### Data
+===+
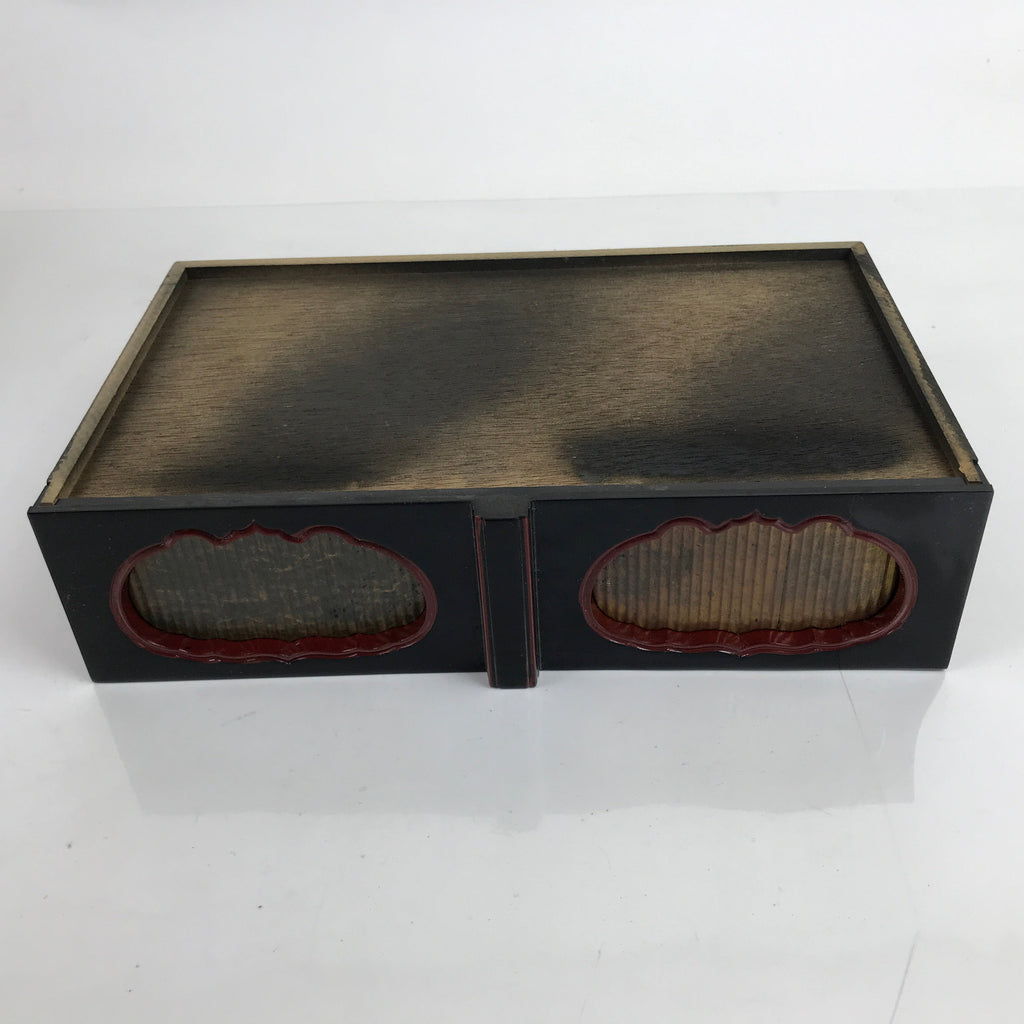 Japanese Buddhist Altar Fitting Lacquer Kyozukue Offering Table Black Gold BA372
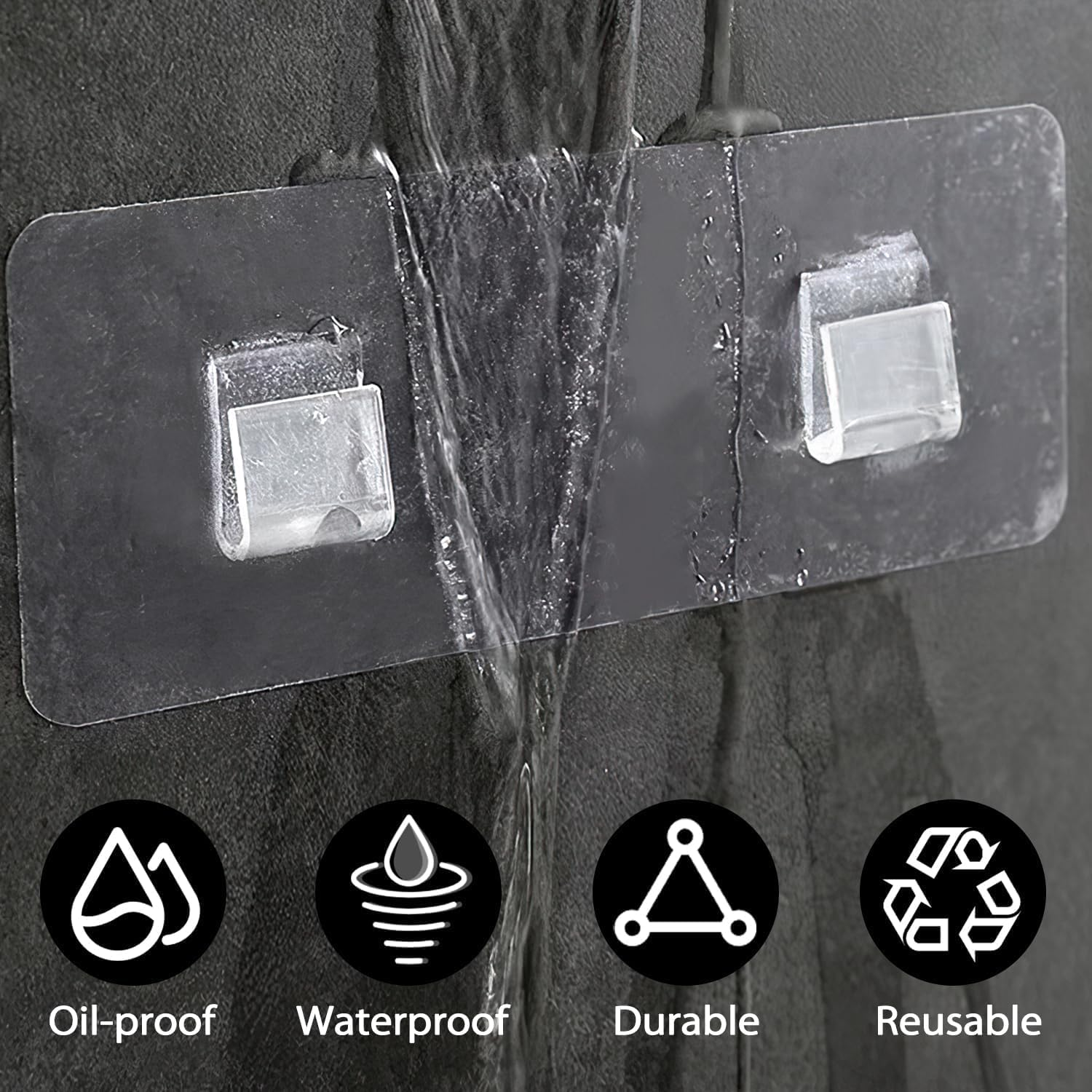 Yharnamite 8 Pcs Shower Caddy Strong Adhesive Hook Stickers, Bathroom Hooks, Shower Caddy Adhesive Hook No Drilling Strong Sticker Wall Hooks for Bathroom, Kitchen image number 3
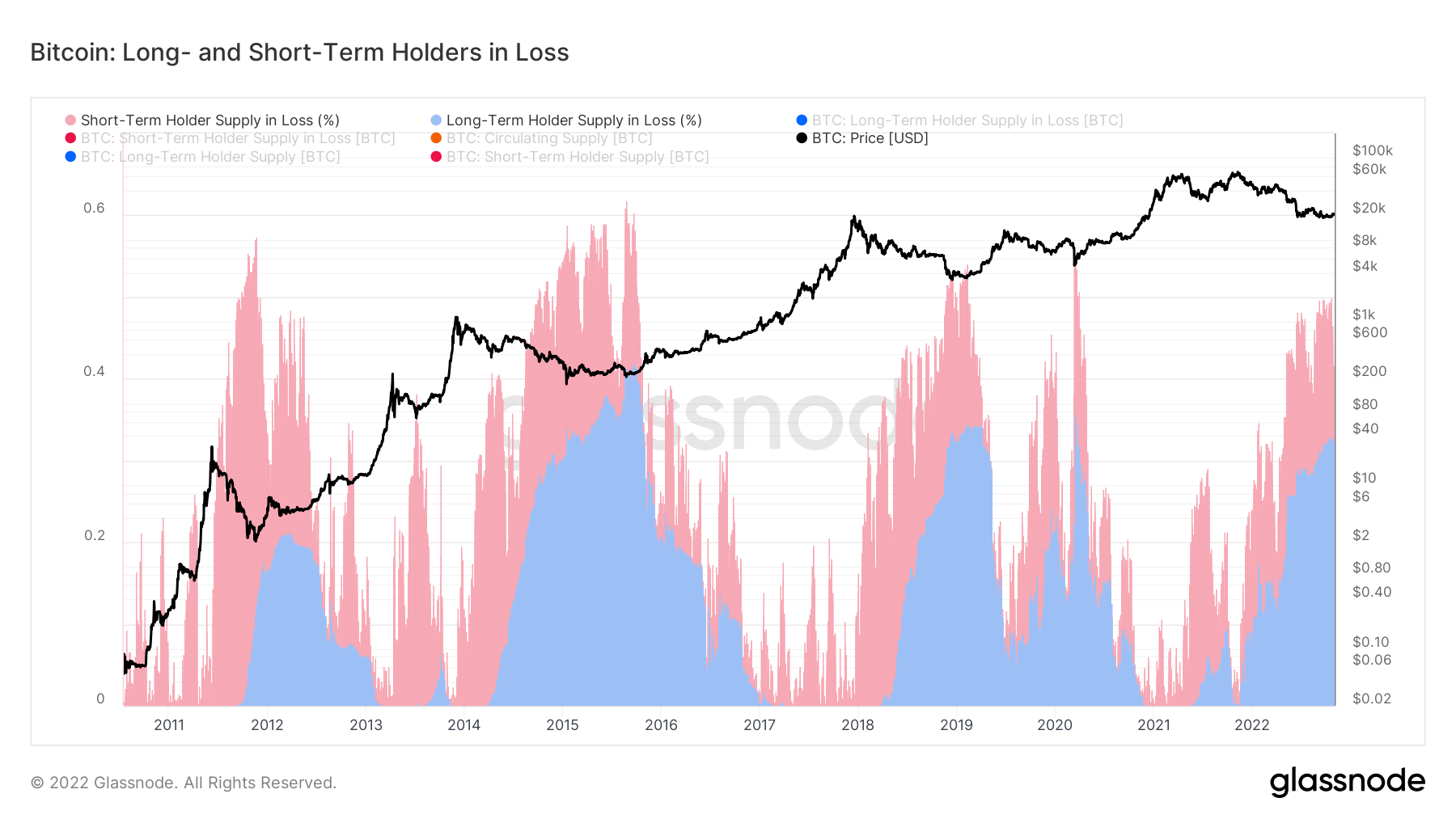 BTC Long and short-term holders in loss:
+===+
### Required action
Restate, line by line and word for word, everything from the top of the material through the line that contains "Yharnamite 8 Pcs". Leave pictures out.

### Exercise result
 Japanese Buddhist Altar Fitting Lacquer Kyozukue Offering Table Black Gold BA372
 Yharnamite 8 Pcs Shower Caddy Strong Adhesive Hook Stickers, Bathroom Hooks, Shower Caddy Adhesive Hook No Drilling Strong Sticker Wall Hooks for Bathroom, Kitchen image number 3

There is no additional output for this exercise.